Habilidades Blandas: Las competencias que empezaron a requerir las empresas en sus empleados

Tiempo atrás, las empresas buscaban en sus empleados que cuenten con las denominadas hardskills o habilidades duras: todas aquellas competencias de carácter técnico que se adquieren a través de nuestra formación y experiencia, dando como resultado nuestro valor como expertos en una materia, empresa o institución determinada.

A medida que las sociedades cambian, el mercado laboral también se va transformando a la par, es por eso que, actualmente, las hardskills, junto a las softskills o habilidades blandas, son las encargadas de conformar nuestro perfil profesional.

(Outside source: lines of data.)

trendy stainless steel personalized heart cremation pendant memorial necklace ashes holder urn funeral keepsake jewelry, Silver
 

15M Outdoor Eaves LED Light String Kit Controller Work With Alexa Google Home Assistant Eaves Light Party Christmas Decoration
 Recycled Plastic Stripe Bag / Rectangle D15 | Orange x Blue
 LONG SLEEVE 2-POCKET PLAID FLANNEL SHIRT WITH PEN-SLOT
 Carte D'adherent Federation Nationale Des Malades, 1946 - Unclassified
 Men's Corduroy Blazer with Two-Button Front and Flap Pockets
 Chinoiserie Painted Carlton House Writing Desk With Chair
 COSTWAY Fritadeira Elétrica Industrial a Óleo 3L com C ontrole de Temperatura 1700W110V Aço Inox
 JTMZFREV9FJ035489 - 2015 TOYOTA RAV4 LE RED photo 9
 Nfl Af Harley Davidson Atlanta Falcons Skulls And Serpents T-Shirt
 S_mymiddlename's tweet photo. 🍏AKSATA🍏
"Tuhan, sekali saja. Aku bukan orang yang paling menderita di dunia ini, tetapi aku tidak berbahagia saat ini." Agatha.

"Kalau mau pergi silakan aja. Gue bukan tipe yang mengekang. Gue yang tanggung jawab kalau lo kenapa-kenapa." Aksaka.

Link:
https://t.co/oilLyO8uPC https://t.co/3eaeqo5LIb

Más allá de los títulos académicos y de la experiencia laboral que cada uno tenga, es cada vez más común ver que las empresas se fijen en las softskills, es decir, en todas aquellas habilidades personales y sociales que poseen sus empleados. Hablamos de cualidades como liderazgo, conducción, compromiso, responsabilidad, creatividad, que sean personas llenas de energía capaces de automotivarse y de motivar a otros para generar un ambiente agradable y productivo dentro de la compañía. Además, dentro de las instituciones han comenzado a requerir empleados con empatía, asertivos, que puedan adaptarse fácilmente a los cambios, que tengan una buena capacidad de escucha y comunicación, que sepan trabajan en equipo, y sobre todo, que posean un espíritu emprendedor imparable para seguir creciendo en el mundo laboral. Todas estas softskills, son un plus a la hora de ser contratados, es por eso que cada vez más personas añaden estas aptitudes a sus currículums.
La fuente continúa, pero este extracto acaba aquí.